I have been snowbound these past weeks with Nor’easter storm No.3 behind me and No. 4 predicted for next week. The ides of March. All around me is a wet, heavy blanket of snow. I yearn for some color. Not the color of mud, either, which surely is the next palette.

As I was rummaging around to clean my home office space from the vestiges of writing The Kindness Cure, a postcard tumbled out of a pile of papers. A plain white postcard. White!

But in black type was a well known quote from Rumi:

Out beyond ideas of wrong doing and right doing, there is a field, meet me there.

I paused and looked out the window.

A message from beyond, I thought. This random incident might be what SQuire Rushnell calls a god wink, An event or personal experience, often identified as coincidence, so astonishing that it could only have come from divine origin.”  He suggests that unexpected or delightful experiences aren’t coincidental at all, but somehow are evidence that the universe is conspiring in your favor. As a glass-half-full kind of gal, the idea of god winks is sort of up my alley.  

I considered the Rumi quote a god wink — the kind to awaken me from a spell. It caused me to pause and be still for a little while.  What or who might I meet in the middle of a vast field? What is happening right now in the world that asks us to venture forth into uncertainty? Parkland, Florida. Syria. Primary elections. Community service. Oh, the fields we can find ourselves in if we are willing to wander there. If we can muster the courage.

There is a story in my book that comes to mind, in a chapter called “Radical Acceptance.”  It’s a story of a mom who learns, through a painful unfolding, that her child is transgender. The story is about a brief exchange she had with a longtime friend, another mother, who pitied her. She was stumbling in a field ripe for compassion yet without a language for it among her circle of friends. That was yet to come. She told me: “I’m not trying to convince anyone to accept my kid, but if you look at us as human beings, I don’t see why you wouldn’t. We all really want the same things at the end of the day. We want our kids to be happy and healthy and productive members of society. That’s not different for me. I know in my heart if I didn’t accept my child, my kid would be dead. I don’t know of any parent who would choose that over clinging to beliefs. Common ground is there if people want to see it.”

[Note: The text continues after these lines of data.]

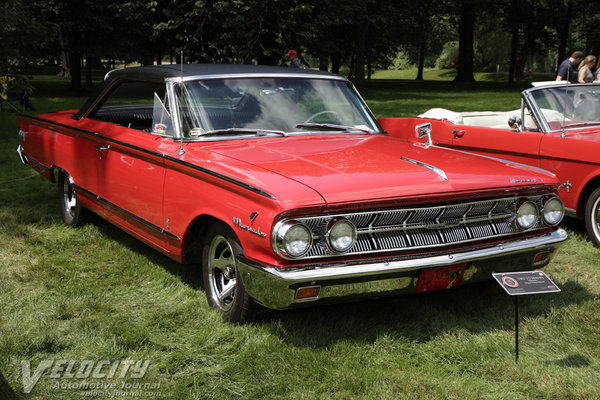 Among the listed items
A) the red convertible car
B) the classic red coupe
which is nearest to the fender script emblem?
the red convertible car

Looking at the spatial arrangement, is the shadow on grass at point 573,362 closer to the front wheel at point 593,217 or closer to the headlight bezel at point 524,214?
the headlight bezel at point 524,214

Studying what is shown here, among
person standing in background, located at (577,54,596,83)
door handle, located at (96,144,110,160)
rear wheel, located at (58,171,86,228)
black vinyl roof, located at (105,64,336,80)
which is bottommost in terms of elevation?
rear wheel, located at (58,171,86,228)

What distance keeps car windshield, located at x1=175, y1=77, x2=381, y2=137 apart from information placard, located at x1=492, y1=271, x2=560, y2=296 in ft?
5.88

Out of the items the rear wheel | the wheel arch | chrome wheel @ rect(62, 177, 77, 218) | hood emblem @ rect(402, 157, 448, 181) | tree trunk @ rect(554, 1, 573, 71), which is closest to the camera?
hood emblem @ rect(402, 157, 448, 181)

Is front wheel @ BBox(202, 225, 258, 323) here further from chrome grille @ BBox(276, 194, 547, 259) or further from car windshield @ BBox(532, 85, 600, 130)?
car windshield @ BBox(532, 85, 600, 130)

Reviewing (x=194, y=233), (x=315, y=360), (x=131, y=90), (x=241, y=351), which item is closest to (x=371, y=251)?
(x=315, y=360)

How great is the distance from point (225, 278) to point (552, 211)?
2085 millimetres

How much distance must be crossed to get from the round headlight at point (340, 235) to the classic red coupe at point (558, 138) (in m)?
2.91

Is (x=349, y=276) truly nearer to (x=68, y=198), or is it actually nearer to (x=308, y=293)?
(x=308, y=293)

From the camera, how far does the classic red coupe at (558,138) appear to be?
578 cm

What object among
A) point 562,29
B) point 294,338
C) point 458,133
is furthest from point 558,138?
point 562,29

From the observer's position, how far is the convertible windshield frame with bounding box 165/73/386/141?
4.50 metres

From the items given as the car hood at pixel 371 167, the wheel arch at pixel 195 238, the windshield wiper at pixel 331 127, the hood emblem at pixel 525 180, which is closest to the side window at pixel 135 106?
the car hood at pixel 371 167

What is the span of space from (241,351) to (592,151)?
3.74m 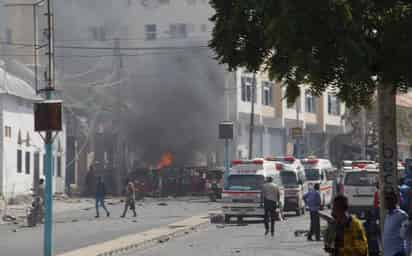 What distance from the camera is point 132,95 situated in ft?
223

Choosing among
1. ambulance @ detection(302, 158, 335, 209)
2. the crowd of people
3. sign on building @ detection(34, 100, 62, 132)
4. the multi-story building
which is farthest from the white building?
the crowd of people

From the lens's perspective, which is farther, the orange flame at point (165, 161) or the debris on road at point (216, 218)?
the orange flame at point (165, 161)

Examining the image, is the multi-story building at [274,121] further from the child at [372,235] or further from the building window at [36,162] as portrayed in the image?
the child at [372,235]

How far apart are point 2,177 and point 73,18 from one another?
94.4ft

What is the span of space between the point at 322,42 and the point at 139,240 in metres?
19.2

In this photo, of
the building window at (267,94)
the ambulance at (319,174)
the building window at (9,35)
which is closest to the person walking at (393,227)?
the ambulance at (319,174)

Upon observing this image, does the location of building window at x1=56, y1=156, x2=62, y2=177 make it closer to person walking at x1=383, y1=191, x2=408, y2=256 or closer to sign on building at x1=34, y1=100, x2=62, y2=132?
sign on building at x1=34, y1=100, x2=62, y2=132

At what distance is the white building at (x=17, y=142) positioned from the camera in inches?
2103

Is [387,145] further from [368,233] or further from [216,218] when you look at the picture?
[216,218]

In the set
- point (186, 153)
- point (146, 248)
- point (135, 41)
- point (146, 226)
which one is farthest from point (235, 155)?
point (146, 248)

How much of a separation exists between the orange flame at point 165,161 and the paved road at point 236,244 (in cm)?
3275

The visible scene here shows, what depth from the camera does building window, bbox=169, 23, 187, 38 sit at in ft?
260

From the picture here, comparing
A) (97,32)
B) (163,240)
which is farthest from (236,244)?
(97,32)

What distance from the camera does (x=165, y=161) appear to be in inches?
2544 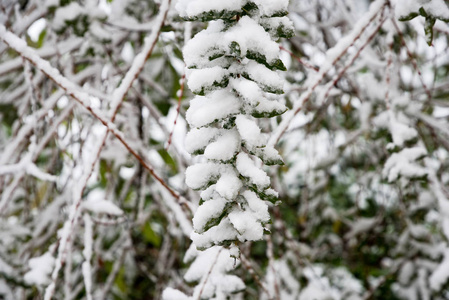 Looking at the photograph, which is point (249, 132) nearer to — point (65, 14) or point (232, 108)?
point (232, 108)

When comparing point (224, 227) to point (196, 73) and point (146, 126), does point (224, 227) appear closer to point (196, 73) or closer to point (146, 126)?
point (196, 73)

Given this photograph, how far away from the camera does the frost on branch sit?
43 cm

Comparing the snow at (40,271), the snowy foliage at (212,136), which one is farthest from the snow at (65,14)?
the snow at (40,271)

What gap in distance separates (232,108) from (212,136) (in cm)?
4

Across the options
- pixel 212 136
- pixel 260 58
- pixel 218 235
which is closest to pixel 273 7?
pixel 260 58

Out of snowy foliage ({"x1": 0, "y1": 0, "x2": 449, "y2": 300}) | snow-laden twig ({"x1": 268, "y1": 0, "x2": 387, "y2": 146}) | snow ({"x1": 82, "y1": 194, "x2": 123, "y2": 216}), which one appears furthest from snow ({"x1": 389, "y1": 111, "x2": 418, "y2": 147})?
snow ({"x1": 82, "y1": 194, "x2": 123, "y2": 216})

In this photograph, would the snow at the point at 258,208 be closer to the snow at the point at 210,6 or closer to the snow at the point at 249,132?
the snow at the point at 249,132

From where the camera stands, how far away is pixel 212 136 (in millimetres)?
470

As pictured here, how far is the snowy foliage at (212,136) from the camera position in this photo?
1.49 ft

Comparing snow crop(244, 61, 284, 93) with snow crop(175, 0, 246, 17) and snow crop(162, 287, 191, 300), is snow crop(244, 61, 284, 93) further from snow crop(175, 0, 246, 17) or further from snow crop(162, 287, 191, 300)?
snow crop(162, 287, 191, 300)

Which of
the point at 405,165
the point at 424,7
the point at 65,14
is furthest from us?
the point at 65,14

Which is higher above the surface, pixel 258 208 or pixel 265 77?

The field. Common ground. Possibility.

Of course, the fallen postcard may not have been “astonishing” really.  Curious, I looked up the definition:

 

astonishing

adjective  as·ton·ish·ing  \ ə-ˈstä-ni-shiŋ \

:causing a feeling of great surprise or wonder : surprising – an astonishing discovery

 

That we might be open to moments of wonder, however it falls before us  — is an opportunity to see something in a new way or accept things as they are. Sometimes we need reminders.

Your kindred spirit,

;D

Tara

Behold the poke of the tulip leaves! A sprig of spring.